And so, instead of applying to the Ivy League colleges where many said Mordenti Perrault’s daughter’s had a chance of gaining admission, they embarked on a long journey to secure merit aid at the colleges and universities that dole out hefty scholarships to top performers.

Mordenti Perrault connected with other parents who had been through the process on Facebook. Someone shared a list of institutions that grant full-ride scholarships. Of course, those can be as or more competitive than Ivy League schools — generally 1% to 2% of applicants get those full rides — so they cast a wide net. Mordenti Perrault and her daughter dug up more schools by using keyword searches like “full tuition scholarship” and “university fellow” programs.

In the end, her daughter applied to over 30 schools and wrote more than 90 essays in pursuit of a full-tuition merit scholarship — this during her senior year of high school while she tried to keep her grades up and participate in sports and extracurriculars.

Navigating the process started to take over Mordenti Perrault’s own life, too: researching programs, soliciting feedback, keeping track of deadlines.

“This really became kind of like my full-time job,” she said.

Her daughter ended up receiving merit-aid packages from dozens of schools, nine of which fit their budget. At that point, the decision came down to the details of the offers — and the subjective element of “fit.”

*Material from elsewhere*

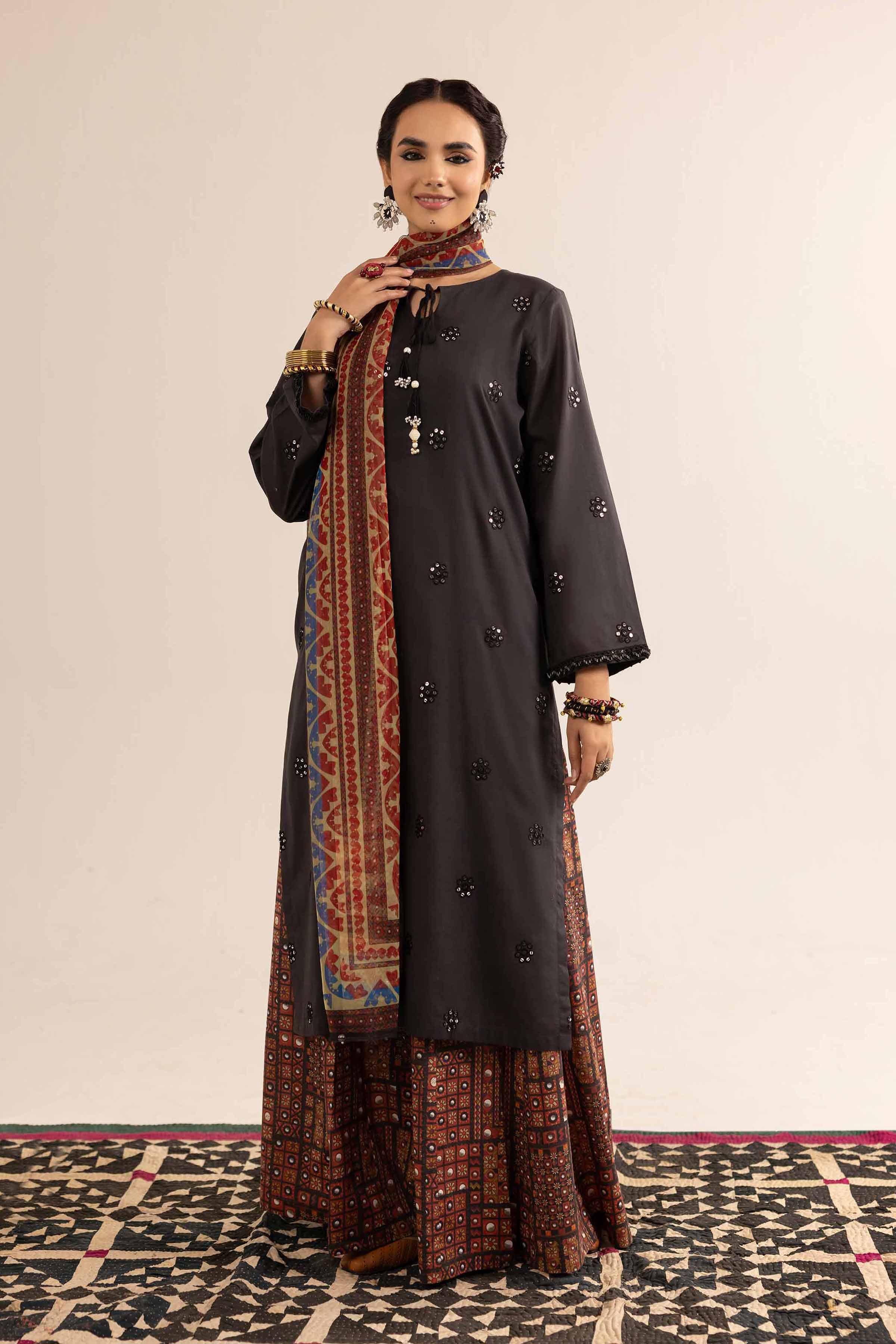 3 Piece - Printed Embroidered Suit - PE25-159 - Image 2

For all families evaluating merit-aid offers, Lieber said it’s important to read the fine print.

“You want to know exactly what the rules are where this incredibly generous award could be taken away from you — so maybe if your grade point average falls below a certain point,” he said. “Will they allow you to take a year off if you want to? Are you kept from studying abroad? Are you forced to study abroad?”

At the end of the process, Lieber said parents need to be prepared for students to expect to have a some latitude with the final decision once they’ve cleared the hurdle of financial feasibility, or, as he puts it, won “the extreme sport of merit-aid acquisition.”

“If they do, well, they’ve probably done their job and you ought to give them a fair amount of authority to make that decision with those within those guardrails,” he said — even if that means forgoing a full-ride scholarship in favor of a more modest, albeit under-budget, offer.

For Mordenti Perrault’s daughter, Tulane University in New Orleans fit the bill.

“I really think that the narrative needs to change from ‘your dream school.’ Your dream school is the school that your kid can afford and not be saddled with a lot of debt,” Mordenti Perrault said. “After that, any school can be your dream school.”